The allotted function of art is not, as is often assumed, to put across ideas, to propagate thoughts, to serve as an example. The aim of art is to prepare a person for death, to plough and harrow his soul, rendering it capable of turning to good (p42)
Above all, I feel that the sounds of this world are so beautiful in themselves that if only we could listen to them properly, cinema would have no need for music at all. (p162)
...what nobody seems to understand is that love can only be one-sided, that no other love exists, that in any other form it is not love. If it involves less than total giving, it is not love. It is impotent; for the moment it is nothing. (p217)
History is not Time; nor is evolution. They are both consequences. Time is a state: the flame in which there lives the salamander of the human soul (p57)
It is obvious that art cannot teach anyone anything, since in four thousand years humanity has learnt nothing at all. (p50)
A literary work can only be received through symbols, through concepts - for that is what words are; but cinema, like music, allows for utterly direct, emotional, sensuous perception of the work. (p176)
It is perfectly possible to be a professional director or a professional writer and not to be an artist: merely a sort of executor of other people's ideas. (p188)
The man who has stolen in order never to thieve again remains a thief. Nobody who has ever betrayed his principles can have a pure relationship with life. Therefore when a film-maker says he will produce a pot-boiler in order to give himself the strength and the means to make the film of his dreams - that is so much deception, or worse, self-deception. He will never now make his film. (p124)
One can only be staggered by the hubris of modern artists if we compare them, say, to the humble builders of Chartres Cathedral whose names are not even known. The artist ought to be distinguished by selfless devotion to duty; but we forgot about that a long time ago. (p189)
'Man is born unto the trouble as the sparks fly upwards.' In other words suffering is germane to our existence; indeed, how without it, should we be able to 'fly upwards' (p239)
If there are some who talk the same language as myself, then why should I neglect their interests for the sake of some other group of people who are alien and remote? they have their own 'gods and idols' and we have nothing in common. [...] If you try to please audiences, uncritically accepting their tastes, it can only mean that you have no respect for them: that you simply want to collect their money (p174)
Never try to convey your idea to the audience - it is a thankless and senseless task. Show them life, and they'll find within themselves the means to assess and appreciate it. (p152)

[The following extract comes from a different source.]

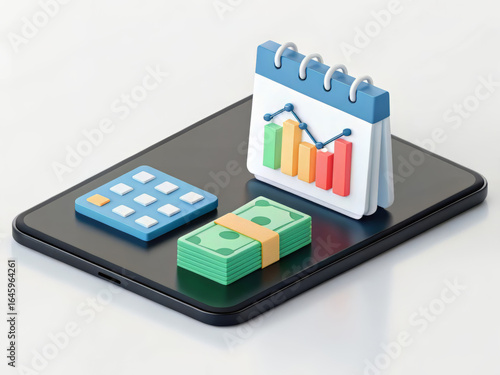 A smartphone displaying 3d icons for finance a calendar, a bar chart with a line graph, and a stack of money, on a white background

I have to say from the outset that not all prose can be transferred to the screen.
I find poetic links, the logic of poetry in cinema, extraordinarily pleasing. They seem to me prefectly appropriate to the potential of cinema as the most truthful and poetic of art forms. Certainly I am more at home with them than with traditional theatrical writing which links images through the linear rigid logical development of plot. That sort of fussily correct way of linking events usually involves arbitrarily forcing them into sequence in obedience to some abstract notion of order. And even when this is not so, even when the plot is governed by the characters, one finds that the links which hold it together rest on a facile interpretation of life's complexities.